Cardinal Dolan is shocked, shocked that the Freedom from Religion Foundation has mistaken the Roman Catholic Church for a political pressure group.
Oh, Cardinal Dolan hasn't said that they've mistaken the Church for a pressure group. For him, the FFRF ad is Exhibit Z in a long history of American anti-Catholic bigotry. But look closely.
(Disclaimer: I've been critical of the FFRF, myself, for another ad they placed in the Times. I lend them no support with these observations.)
Read and re-read Cardinal Dolan's column. Now read it again. What is the anti-Catholic claim that the FFRF has made? What text has he singled out as an attack on the Church?
You haven't found it? Me, neither.
The closest he gets is characterizing the ad as "a whole-page sneer at 'dogma'" (which hardly is an attack exclusively on Catholics) and where he observes that the FFRF characterizes the Court's majority as "all male Roman Catholic," which is factually true. He then attacks the Know-Nothings and the KKK, with whom he paints the FFRF guilty by association.
Now look further. Here is the FFRF ad. Read it closely.
In fact (contrary to the Cardinal's claims), I do find something like an argument here: "RFRA radically redefines 'religious freedom,' according believers extreme religious liberty, exempting them from laws they claim create substantial burdens on their free exercise of religion." The ad even encourages us to read FFRF's amicus brief in the Hobby Lobby case--certainly, there we find an argument.

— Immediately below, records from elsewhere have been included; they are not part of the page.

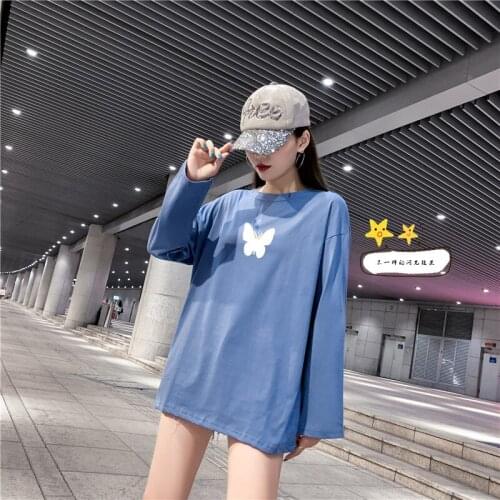 Harajuku Style Reflective Butterfly Print T-shirt 2020 Long Sleeve Streetwear Round Neck Casual Loose Women Tops En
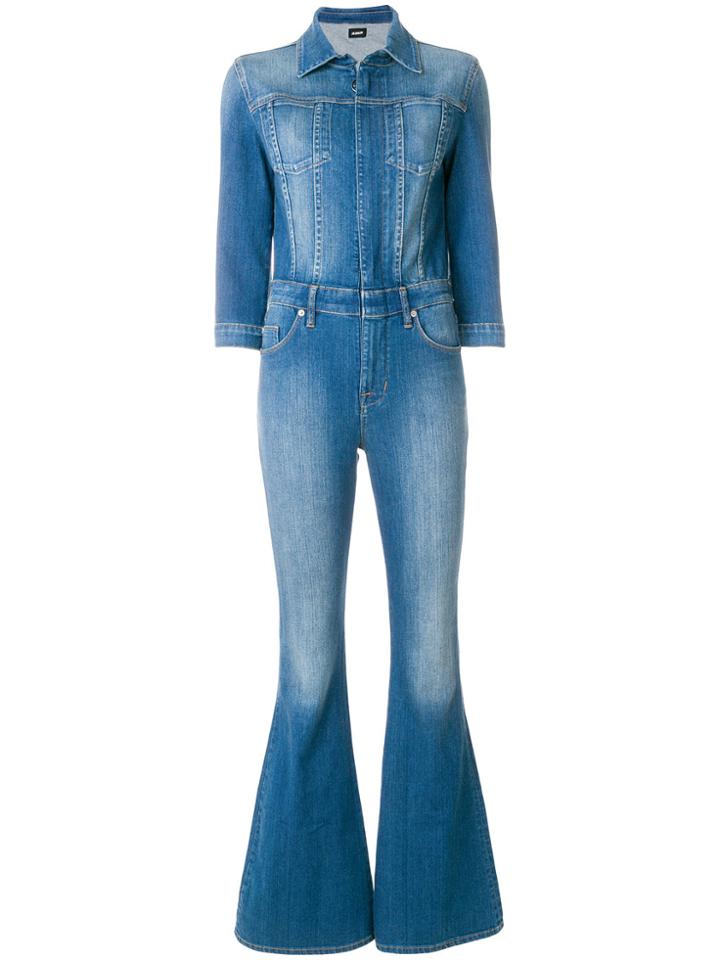 Hudson Flared Denim Jumpsuit - Blue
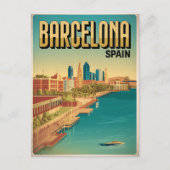 Reizen vintage barcelona beacg view cadeaus briefkaart (Voorkant)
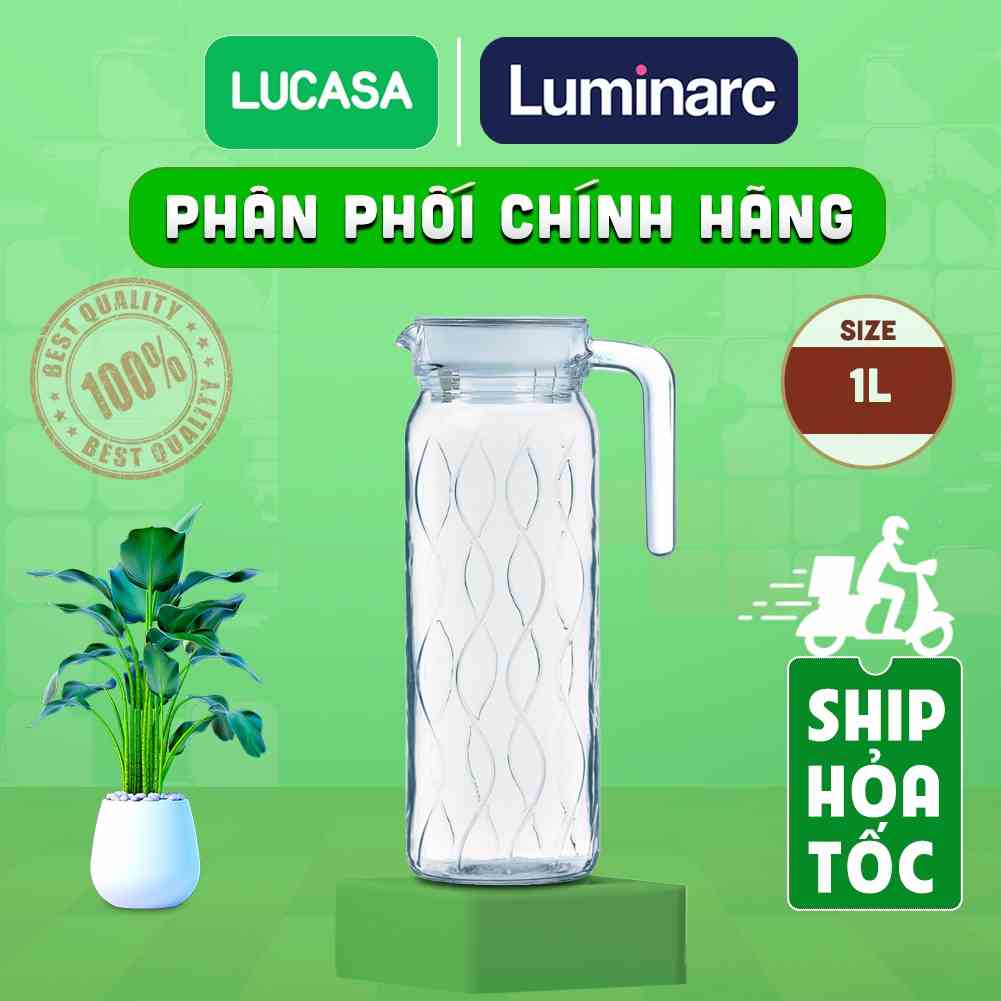 [Mã BMLTA35 giảm đến 35K đơn 99K] Bình Nước Thủy Tinh Luminarc Dona Embossment Wave 1L - L0433 | Phân Phối Chính Hãng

The ad has a strong point-of-view. We should expect that from an organization devoted to promoting atheism. But is this an ad hominem attack? Only, it seems to me, if you cannot intellectually disentangle being Catholic from partisan, political activism.
And that, I suspect, is the Cardinal's problem. I've been documenting this problem for over two years. Find my treatments of it here, here, here, here, and here.
The Church must engage the world. That means that the Church must engage in social and political activism. But that activism is dangerous and the danger should be recognized. It is easy to become ensnared in the worldliness of the rough-and-tumble, to lose sight of the actual objectives and stop acting like the Kingdom of God on its earthly pilgrimage. More than anything else, Cardinal Dolan gives testimony here to how that is what has happened.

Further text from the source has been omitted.